Task description →
Would you restate each entry word for word, omitting the pictures?
(Beginning of Raw data)
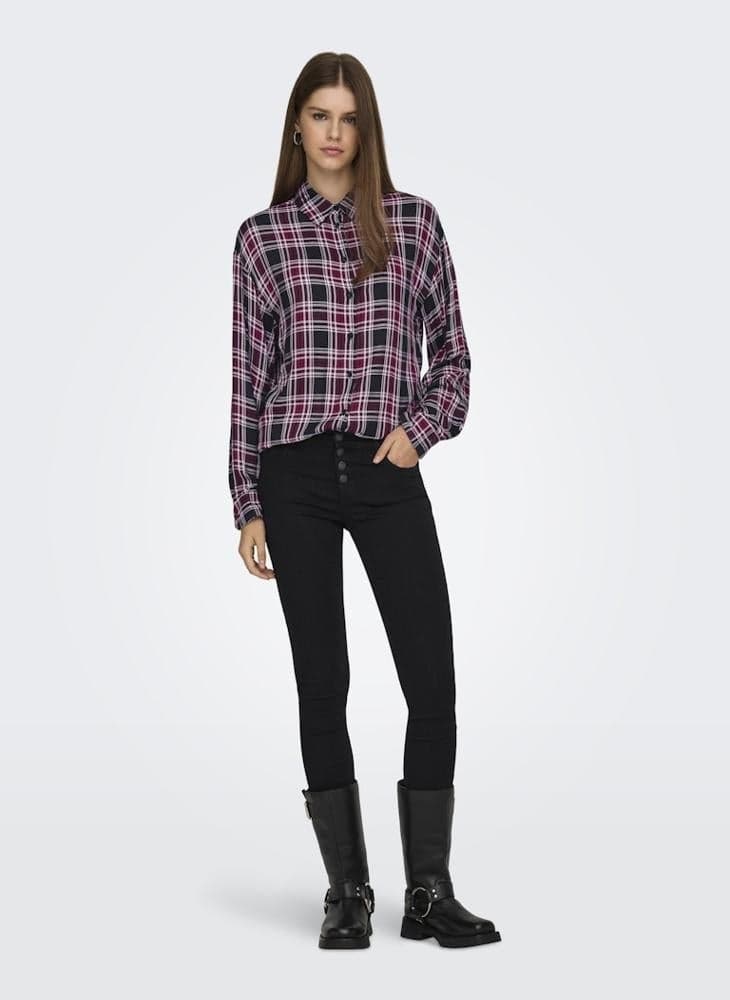 Onlevia Check Long Sleeve Loose Fit Shirt - Image 1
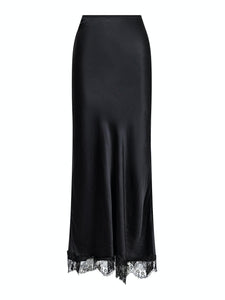 Neo Noir Veroni Satin Lace Skirt Sort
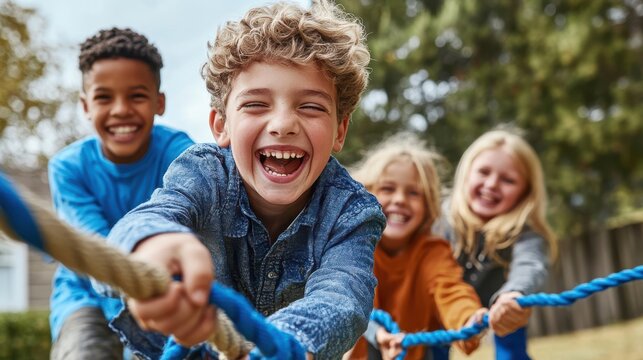 A group of happy children engaged in a lively tug-of-war game outdoors, showcasing teamwork, laughter, and energetic play in a sunny and cheerful outdoor environment.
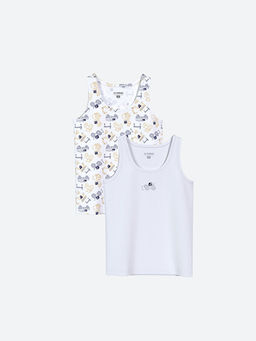 Bisiklet Yaka Bask?l? Erkek ?ocuk Atlet 3l?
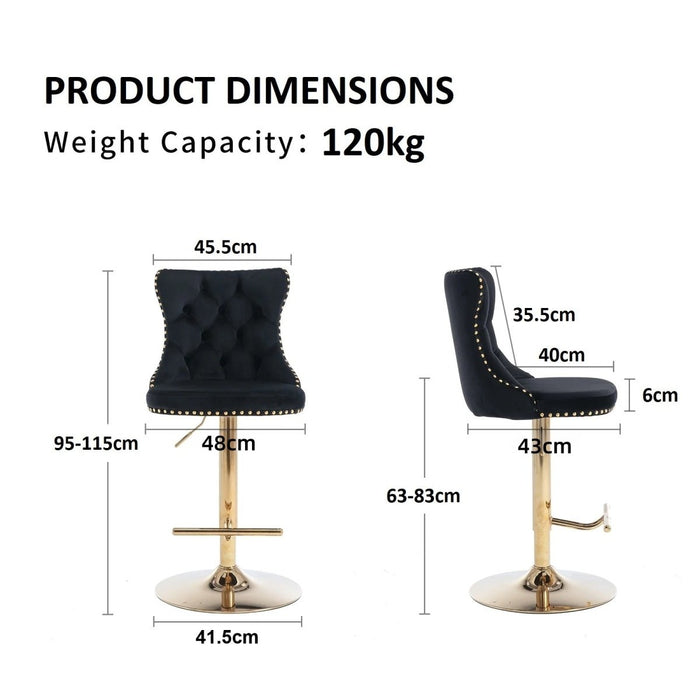 SERENITà Black Velvet Bar Stools Adjustable Swivel Counter Height Chairs with Tufted Back and Nailhead Trim for Kitchen Island Pub Restaurant (2Pcs, Gold) - Amazingooh Wholesale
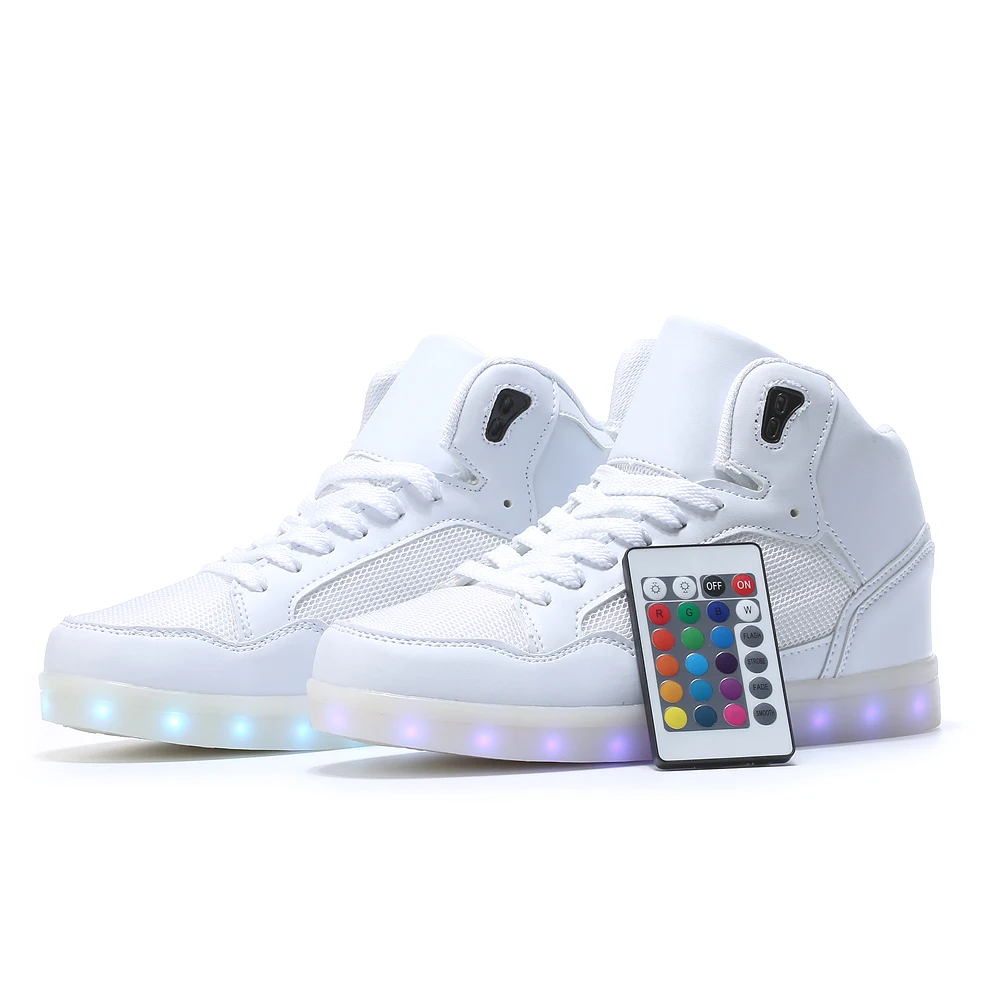 Large size High top LED Shoes with remote control Light Up neon basket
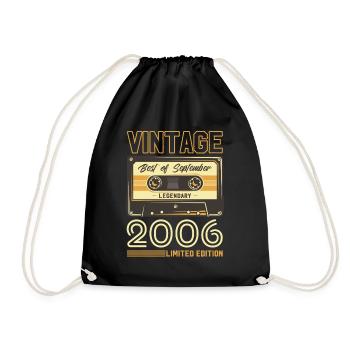 18th Birthday Cassette September 2006 Year 06 - Drawstring Bag - black - Front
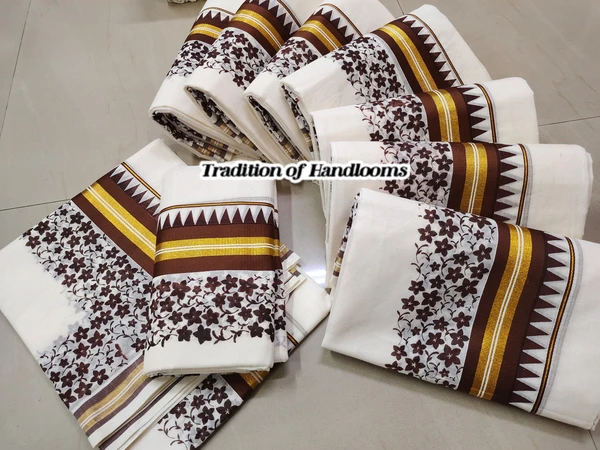 Kuttampalli Kerala Set Mundu | Cotton Mix Printed Design - Brown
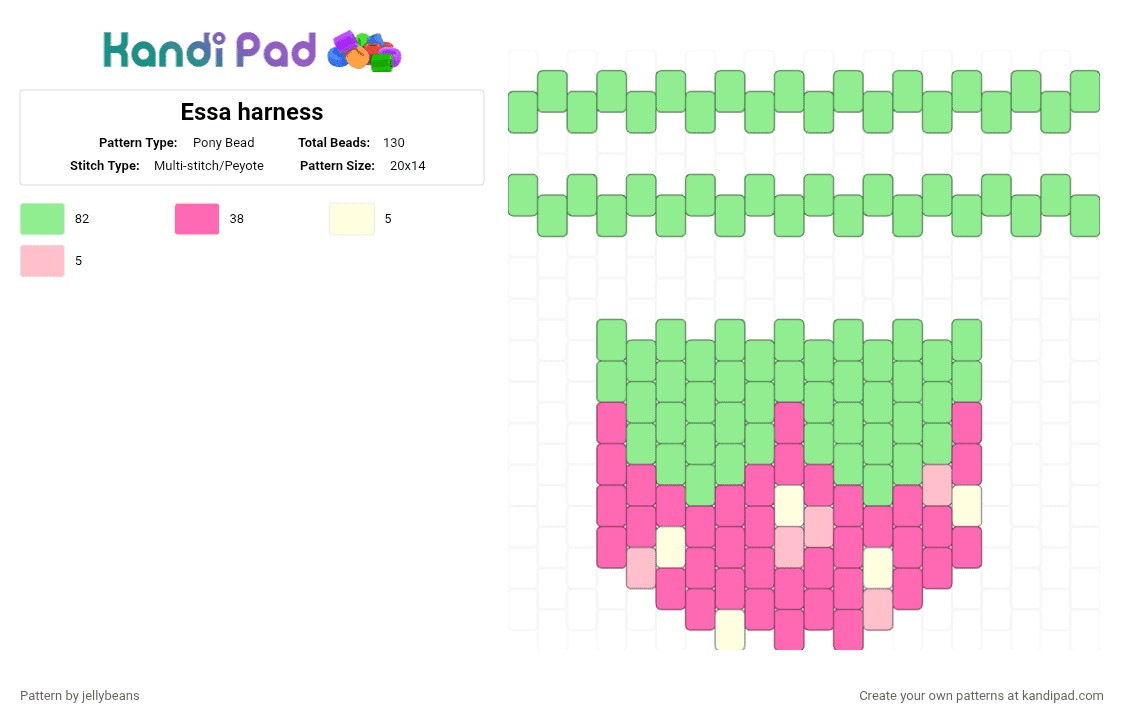 Essa harness - Pony Bead Pattern by jellybeans on Kandi Pad - pink, teal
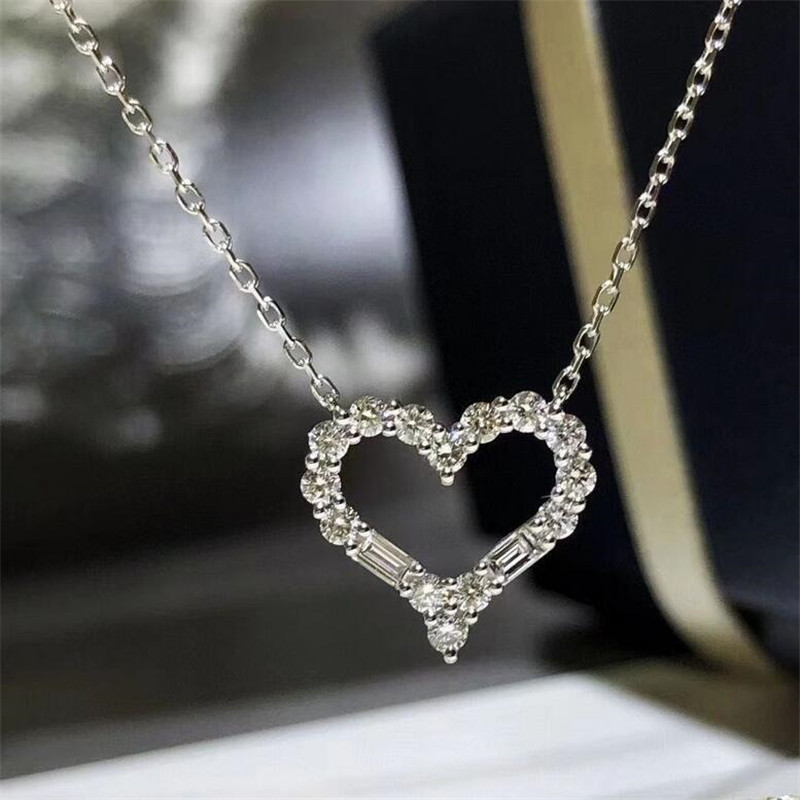 Sterg Sier Heart Pendant Necklace with White Topaz CZ for Women - Simple & Elegant 082b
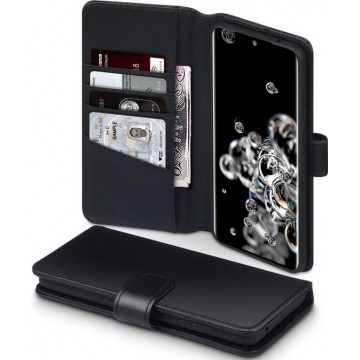 Samsung Galaxy S20 Ultra Bookcase hoesje - CaseBoutique - Effen Zwart - Leer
(End of Raw data)
Task response →
 Onlevia Check Long Sleeve Loose Fit Shirt - Image 1
 Neo Noir Veroni Satin Lace Skirt Sort
 A group of happy children engaged in a lively tug-of-war game outdoors, showcasing teamwork, laughter, and energetic play in a sunny and cheerful outdoor environment.
 Bisiklet Yaka Bask?l? Erkek ?ocuk Atlet 3l?
 SERENITà Black Velvet Bar Stools Adjustable Swivel Counter Height Chairs with Tufted Back and Nailhead Trim for Kitchen Island Pub Restaurant (2Pcs, Gold) - Amazingooh Wholesale
 Large size High top LED Shoes with remote control Light Up neon basket
 18th Birthday Cassette September 2006 Year 06 - Drawstring Bag - black - Front
 Kuttampalli Kerala Set Mundu | Cotton Mix Printed Design - Brown
 Essa harness - Pony Bead Pattern by jellybeans on Kandi Pad - pink, teal
 Sterg Sier Heart Pendant Necklace with White Topaz CZ for Women - Simple & Elegant 082b
 Samsung Galaxy S20 Ultra Bookcase hoesje - CaseBoutique - Effen Zwart - Leer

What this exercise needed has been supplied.